Extracted data:

_ _ _

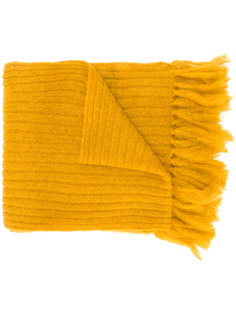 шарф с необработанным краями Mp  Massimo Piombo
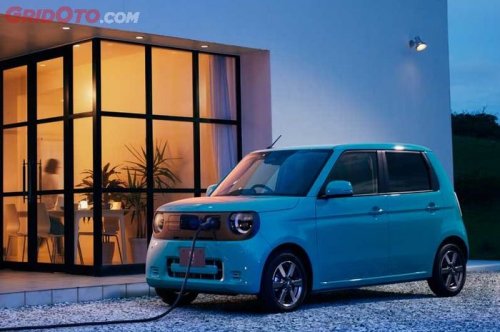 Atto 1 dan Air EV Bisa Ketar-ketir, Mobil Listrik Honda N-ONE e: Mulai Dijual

_ _ _

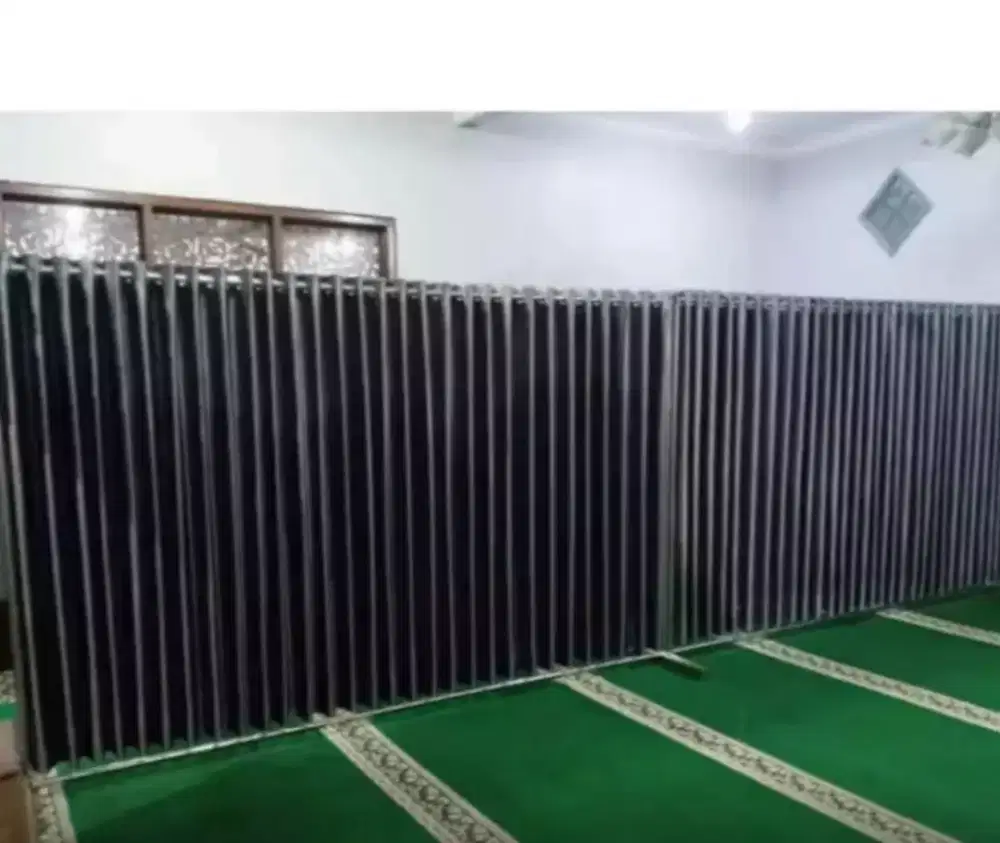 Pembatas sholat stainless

_ _ _

Task statement: Give again the stretch of lines above from the one with "шарф с необработанным" through the one with "Atto 1 dan Air", both ends kept, and copy no pictures.

Response area:
 шарф с необработанным краями Mp  Massimo Piombo
 Atto 1 dan Air EV Bisa Ketar-ketir, Mobil Listrik Honda N-ONE e: Mulai Dijual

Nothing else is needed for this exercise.